From Down Under to the folk fest
Coming from the left, Australian folk band the Rosie Burgess Trio will play this year’s Canmore Folk Music Festival at Centennial Park (Aug. 4-6).
“I haven’t been that far over to the right,” said Burgess, speaking from Melbourne. “It’s a bit of a first.
“We’ve done a little bit, mostly around Vancouver and Toronto, so we haven’t really gotten past the edges.”
The trio was spotted by festival organizers at another event earlier this year.
“We went to Memphis earlier this year to play at the Folk Alliance and quite a lot of Canadian festivals were lurking about, and Canmore was one of the good ones,” she said. “We were very excited when they offered us a spot.
“We love going someplace we’ve never been before, and the festival’s got a really awesome reputation. I’m just really excited about it.

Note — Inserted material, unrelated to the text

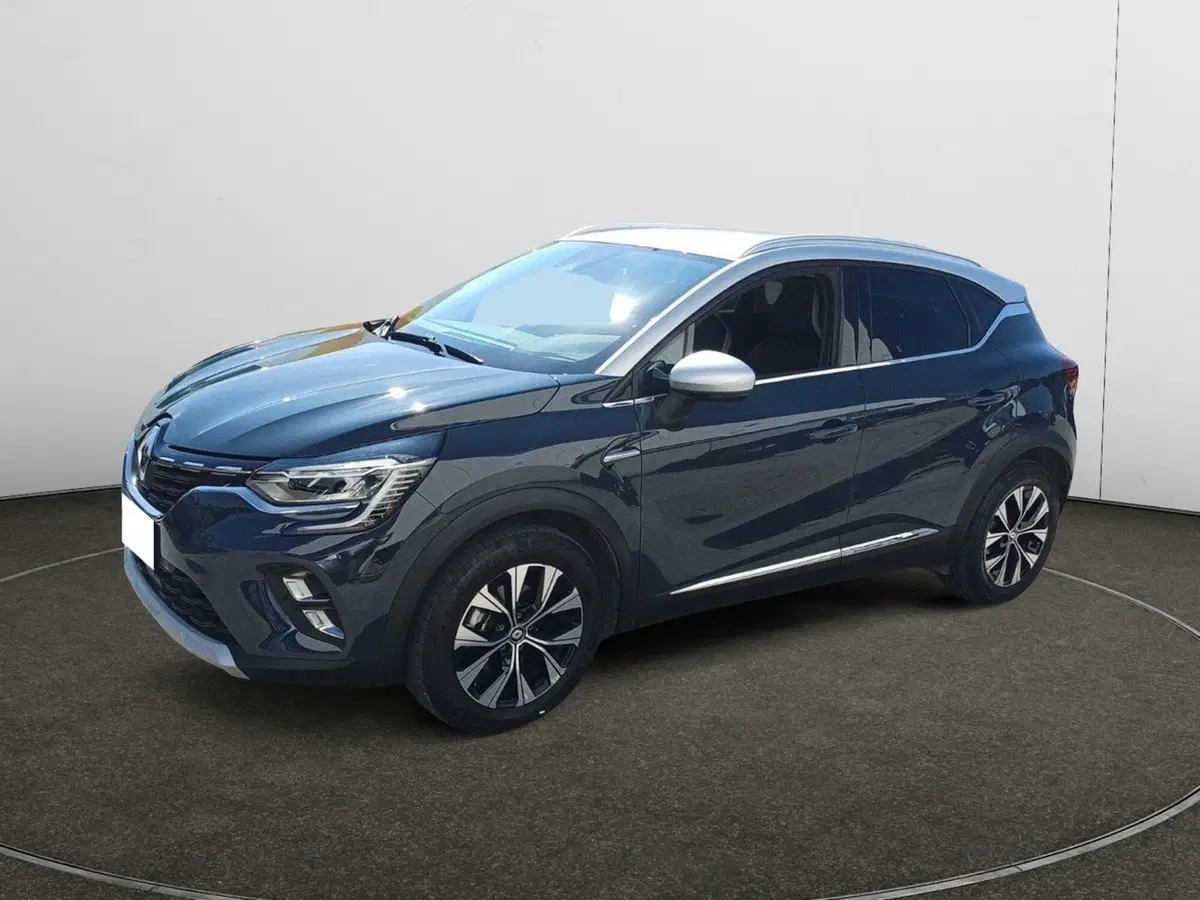 Renault Captur usata a Frosinone (5)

“It’ll be great to hear all the rest of the music and the Canadian music scene’s got a really good reputation and I’m excited to come to one of your festivals.”

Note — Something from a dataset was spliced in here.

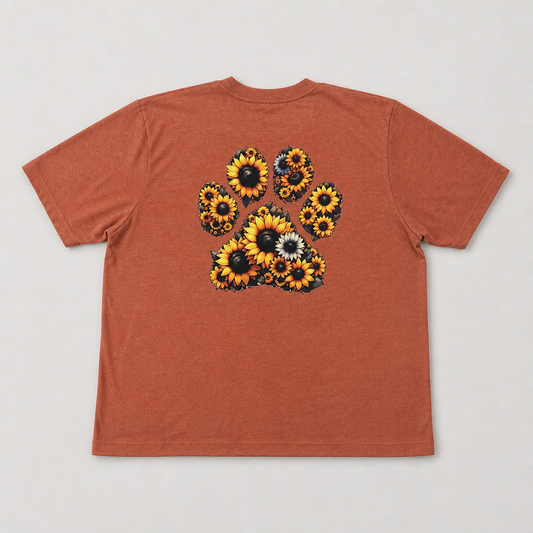 Sunflower Paw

The trio’s music is a real mix, said Burgess.
“We’re Australian roots music – there’s a real sound that’s a mixture of folk and roots and blues and acoustic stuff,” she explained. “It’s got an Australian sound to it, and we’re all about the harmonies and well-paced melodies, and we love to all sing together, but with a less traditional style. It’s got that modern folk rock style.”
While Burgess begins the writing for most of the music, the band then collaborates to create the finished product.
“I mostly write all the music, and then we get together and we play and all arrange stuff,” she said. “They’re quite vocal about where they think things should go and what they should sound like and in that way it’s a bit of a collaboration between us. But I generally come with the bones of a song and say ‘here it is’ and they get to work.”
The songs tend to be about emotions, explained Burgess.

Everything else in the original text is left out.